(Captioned web images)
━━━

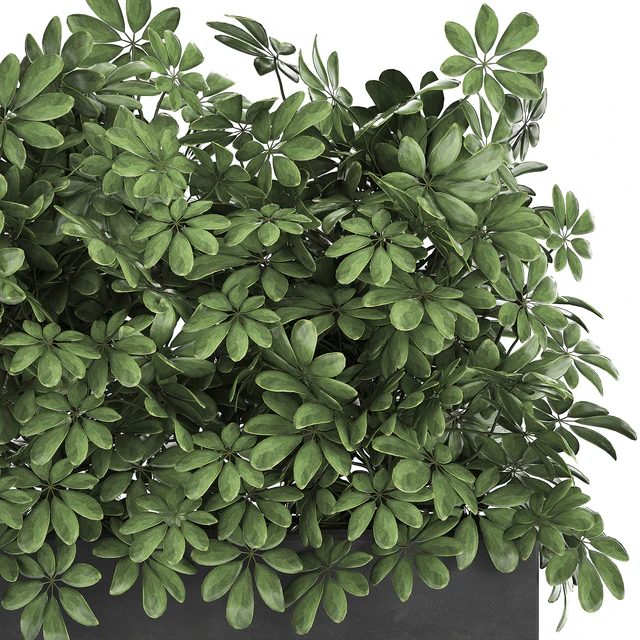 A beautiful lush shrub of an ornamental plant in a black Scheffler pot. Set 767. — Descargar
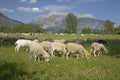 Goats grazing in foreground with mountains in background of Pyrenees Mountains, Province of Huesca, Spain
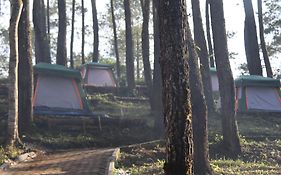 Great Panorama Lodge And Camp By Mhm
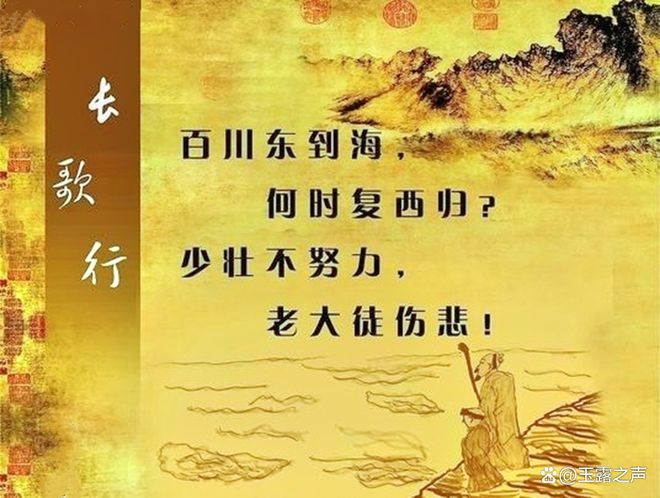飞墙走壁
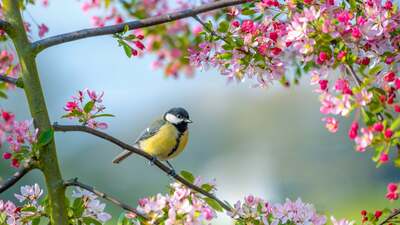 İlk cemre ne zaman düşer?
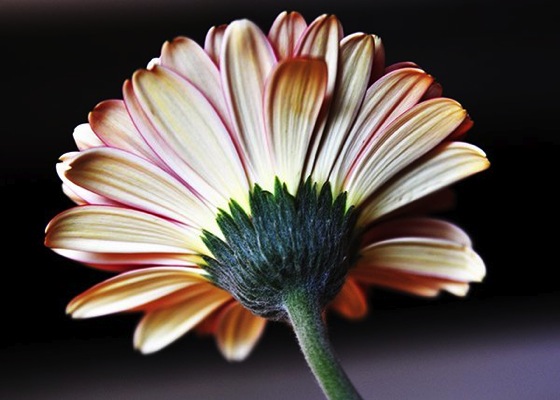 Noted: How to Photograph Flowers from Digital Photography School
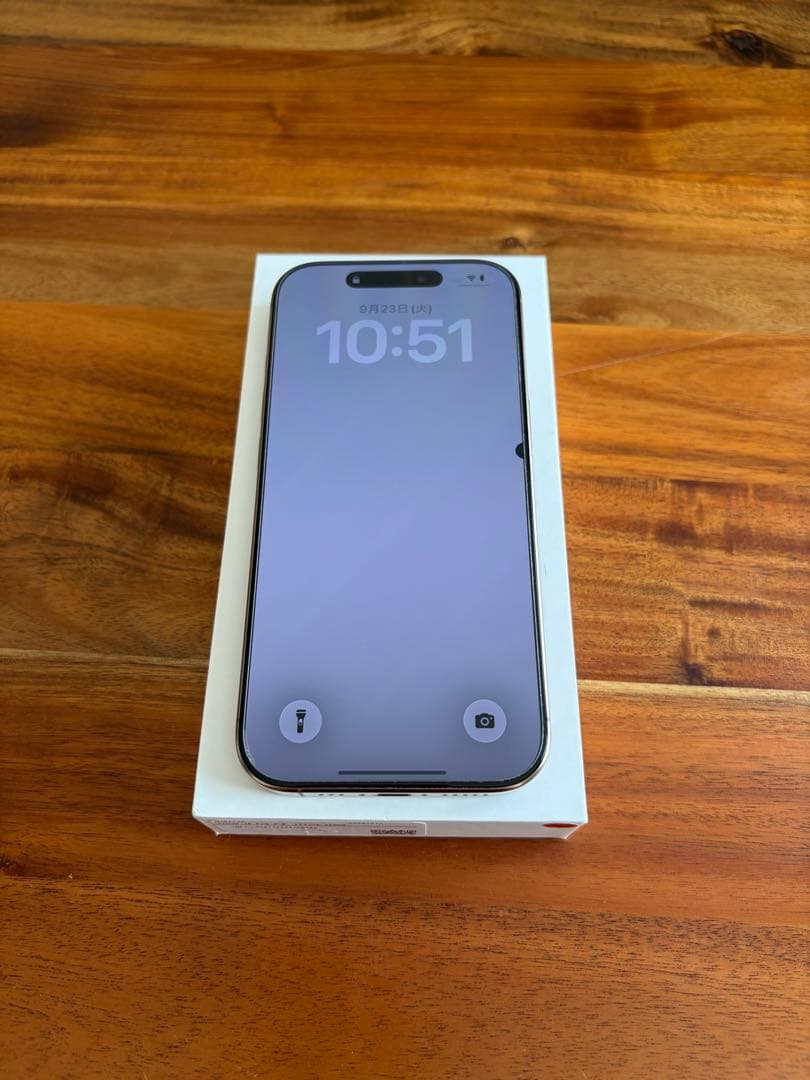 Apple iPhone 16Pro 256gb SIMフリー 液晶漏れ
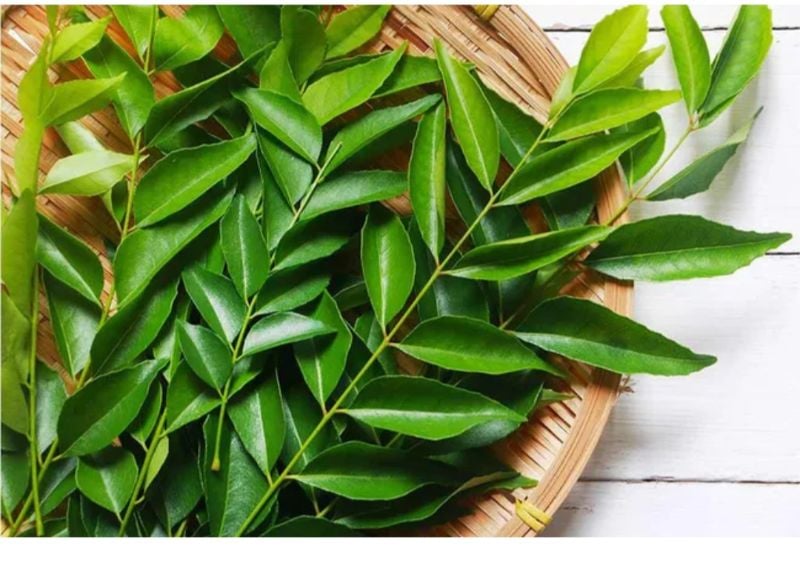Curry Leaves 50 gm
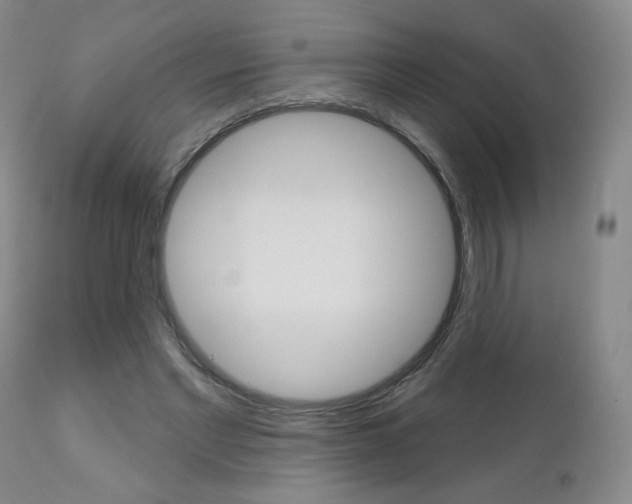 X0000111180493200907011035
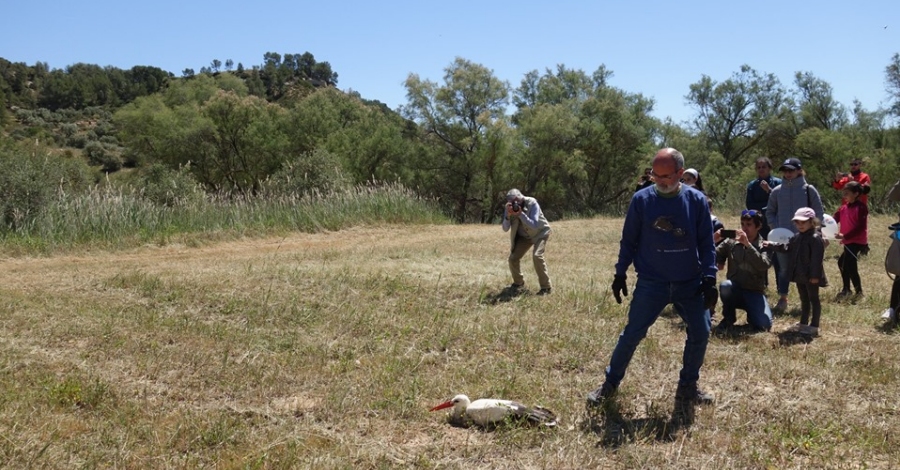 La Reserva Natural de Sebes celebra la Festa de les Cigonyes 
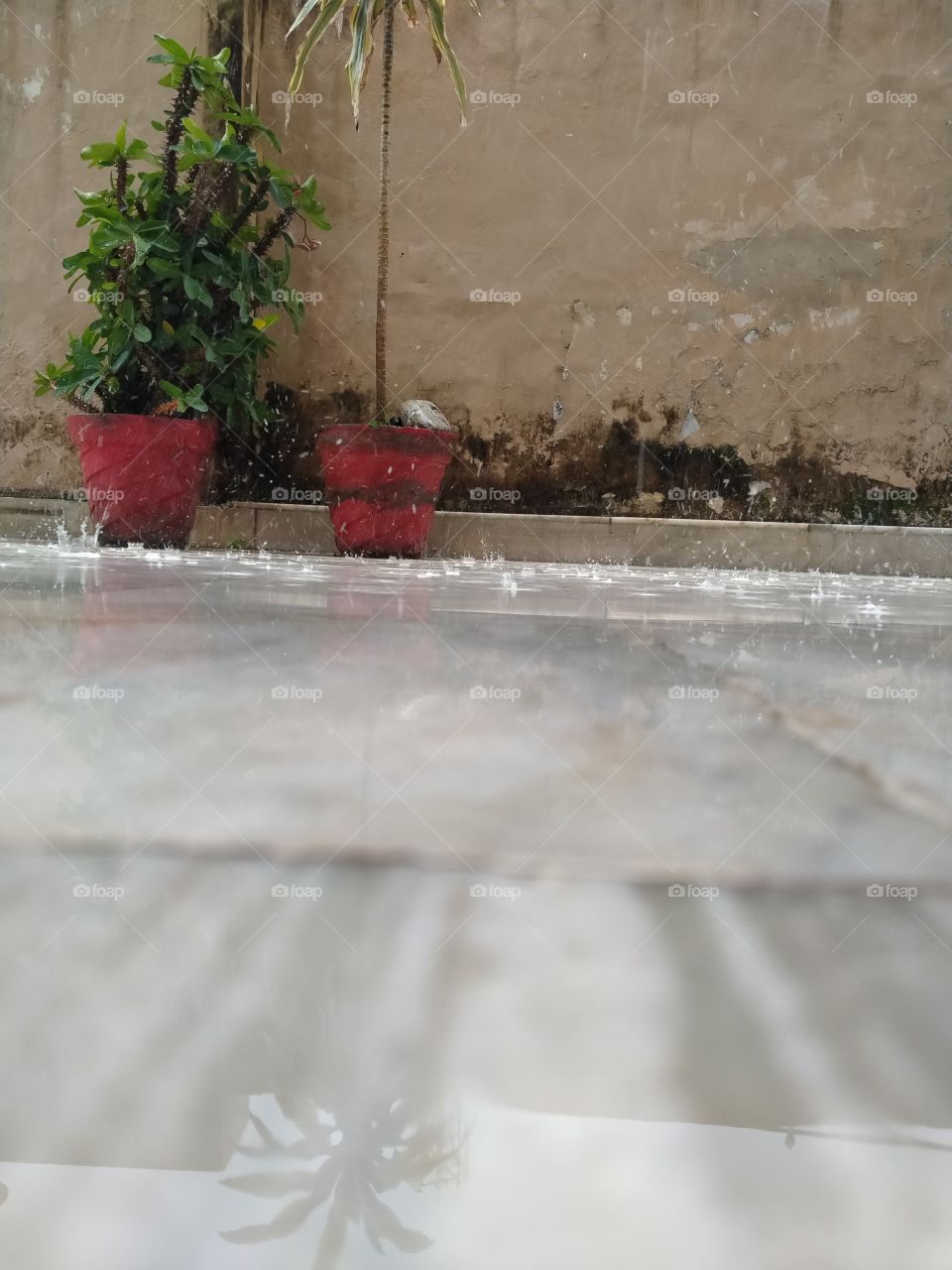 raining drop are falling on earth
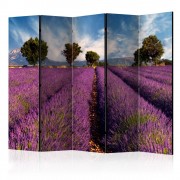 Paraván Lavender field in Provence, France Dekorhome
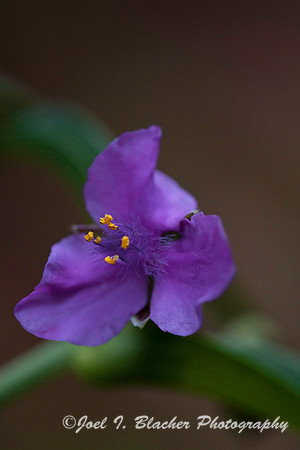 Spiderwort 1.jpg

━━━

> _What is required_: This task calls for an exact copy of the data above, without pictures.

> _Solution to this problem_:
 A beautiful lush shrub of an ornamental plant in a black Scheffler pot. Set 767. — Descargar
 Goats grazing in foreground with mountains in background of Pyrenees Mountains, Province of Huesca, Spain
 Great Panorama Lodge And Camp By Mhm
飞墙走壁
 İlk cemre ne zaman düşer?
 Noted: How to Photograph Flowers from Digital Photography School
 Apple iPhone 16Pro 256gb SIMフリー 液晶漏れ
Curry Leaves 50 gm
 X0000111180493200907011035
 La Reserva Natural de Sebes celebra la Festa de les Cigonyes 
 raining drop are falling on earth
 Paraván Lavender field in Provence, France Dekorhome
 Spiderwort 1.jpg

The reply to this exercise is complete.